Ao investigar o impacto da radiação cósmica sobre lipídios – moléculas essenciais à vida – expostos na superfície marciana, a equipe descobriu que esses compostos se degradam rapidamente sob bombardeio de radiação, especialmente em ambientes ricos em sal, comuns nos locais considerados habitáveis no passado do Planeta Vermelho.
“Optamos por ambientes ricos em sal, mas eles podem ser os mais prejudiciais sob radiação”, explicou Anais Roussel, astrobióloga da Universidade de Georgetown, nos EUA, ao site Space.com. Segundo ela, esses fatores tornam ainda mais difícil identificar bioassinaturas em Marte, especialmente em áreas expostas à radiação por milhões de anos.
Lipídios são bombardeados de raios gama em simulação de Marte
Os cientistas concentraram seus esforços em dois tipos de lipídios: hopanos e esteranos, derivados de compostos que formam membranas celulares em bactérias e eucariotos, respectivamente.

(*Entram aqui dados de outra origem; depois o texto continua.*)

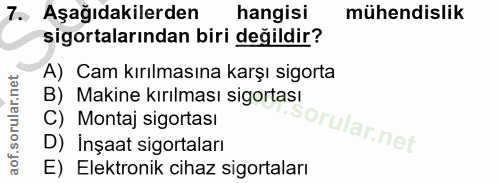 Soru 7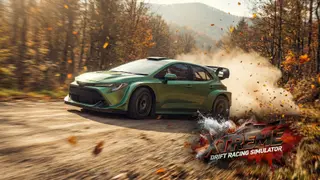 Xtreme Drift Racing Simulator - Xbox One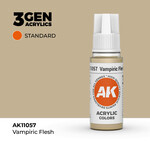 AK Interactive AK 3rd Gen Acrylics: Vampiric Flesh (17ml)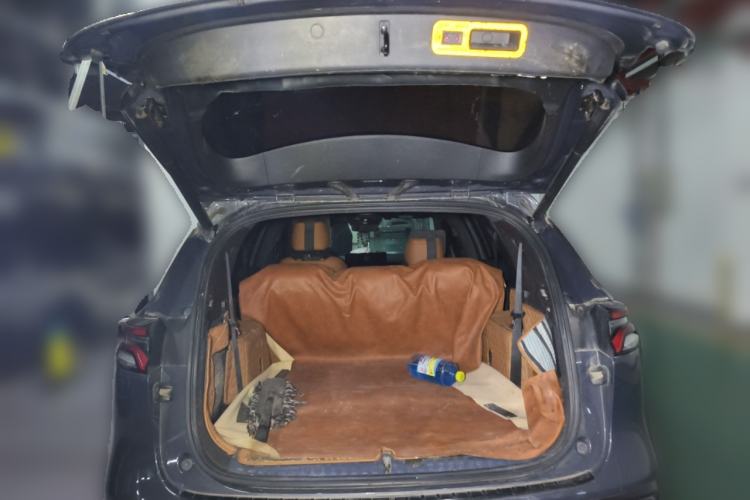 Used BYD Tang New Energy 2023 DM-i Champion Edition 112KM Prestige Model
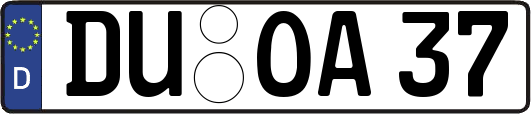 DU-OA37
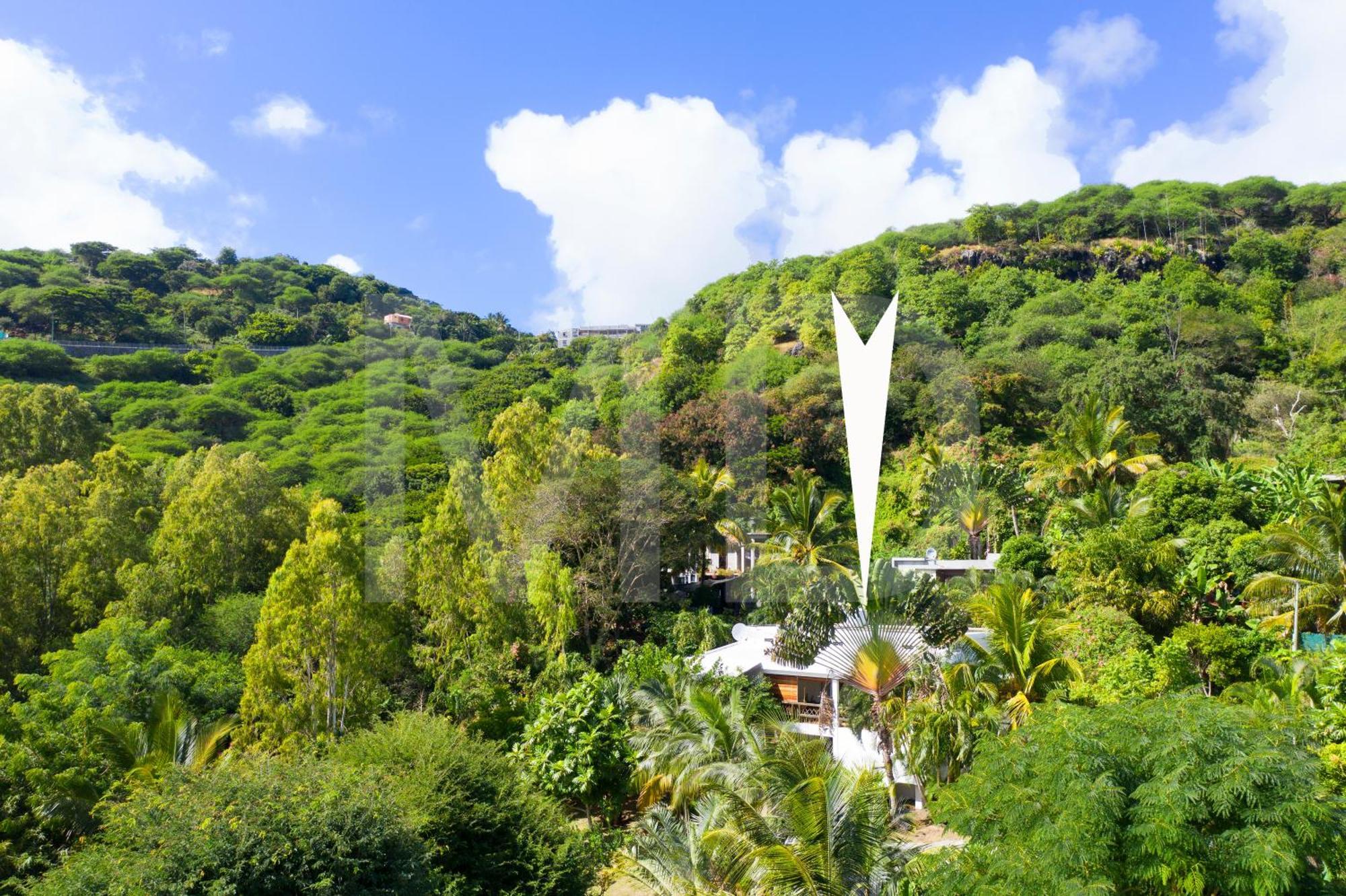 Villa de la Vallée Port Mathurin Esterno foto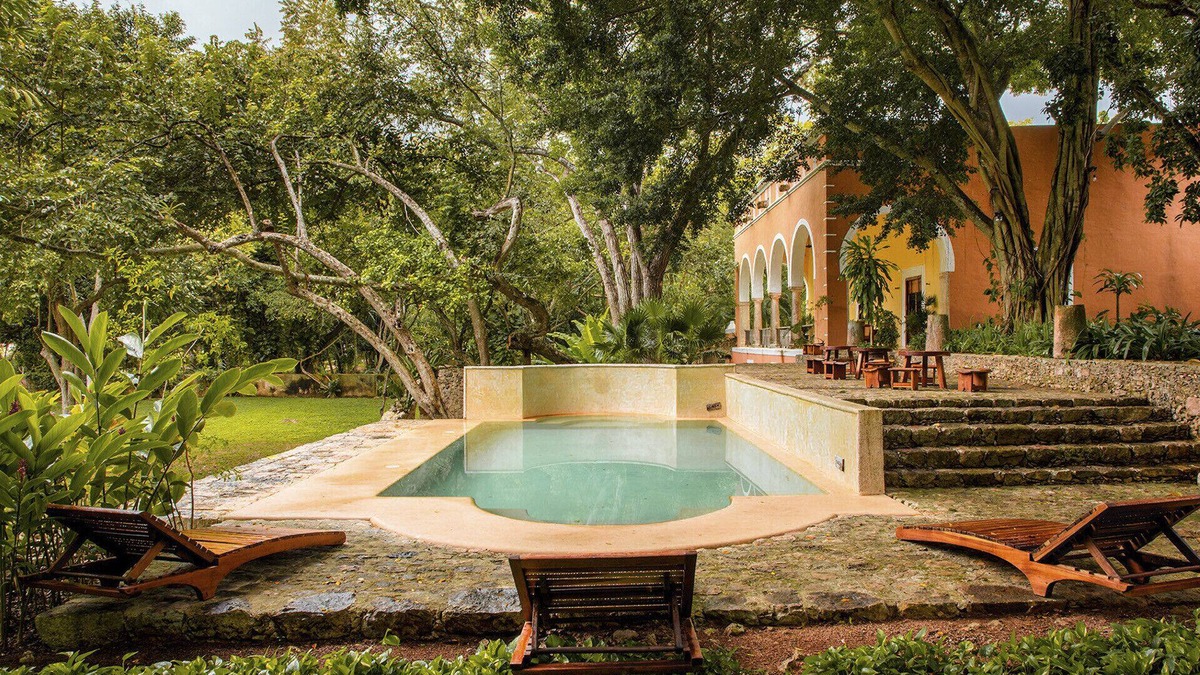 Tecoh Villa | Itzincab de Cámara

Esses lipídios, conhecidos por sua resistência na Terra, podem sobreviver por bilhões de anos em condições favoráveis. No entanto, Marte perdeu sua atmosfera e campo magnético há cerca de 4 bilhões de anos, deixando a superfície desprotegida contra os raios cósmicos.
No experimento, as amostras de lipídios foram bombardeadas com raios gama para simular as condições marcianas. Descobriu-se que, em apenas 3 milhões de anos, equivalente ao tempo de exposição na superfície marciana, metade dos lipídios se transformou em moléculas menores irreconhecíveis. Para comparação, as rochas na Cratera Gale, estudadas pelo rover Curiosity, da NASA, estão expostas à radiação há cerca de 80 milhões de anos.
Além disso, os lipídios apresentaram uma taxa de degradação duas vezes maior que a de aminoácidos, blocos fundamentais das proteínas. Segundo Roussel, essa diferença pode ser explicada pelo tamanho maior e formato diferenciado dos lipídios, que os tornam mais vulneráveis à radiação.
Sal pode acelerar degradação de compostos orgânicos
Ambientes ricos em sal, antes vistos como potenciais preservadores de vestígios de vida, também demonstraram ser prejudiciais. Conforme Marte esfriou e perdeu sua água doce, lagos salgados foram os últimos corpos líquidos a resistir. No entanto, o sal pode reagir com compostos orgânicos, acelerando sua degradação.
“Ainda não sabemos exatamente como a estrutura do sal provoca essa degradação”, disse Roussel. Uma possibilidade, segundo ela, é que o sódio e o cloro geram substâncias químicas reativas sob radiação. Outra hipótese envolve água microscópica remanescente, que poderia produzir oxidantes capazes de destruir moléculas orgânicas.
Embora as descobertas pareçam desanimadoras, Roussel acredita que há motivos para otimismo. “Talvez não encontrar evidências até agora não signifique que nunca houve vida em Marte, mas que estamos procurando nos lugares errados ou em profundidades inadequadas”.
O futuro das buscas pode estar nas mãos do rover Rosalind Franklin, da Agência Espacial Europeia (ESA), que será lançado em 2029. Diferentemente do Curiosity e do Perseverance, que são capazes de perfurar apenas cinco centímetros no solo, o equipamento europeu poderá alcançar dois metros de profundidade, onde os sedimentos são mais protegidos da radiação.
Roussel também sugere explorar cavernas ou tubos de lava marcianos, locais potencialmente intocados pela radiação. Apesar dos desafios técnicos, ela acredita que essas áreas podem ser as melhores apostas para encontrar traços preservados de vida.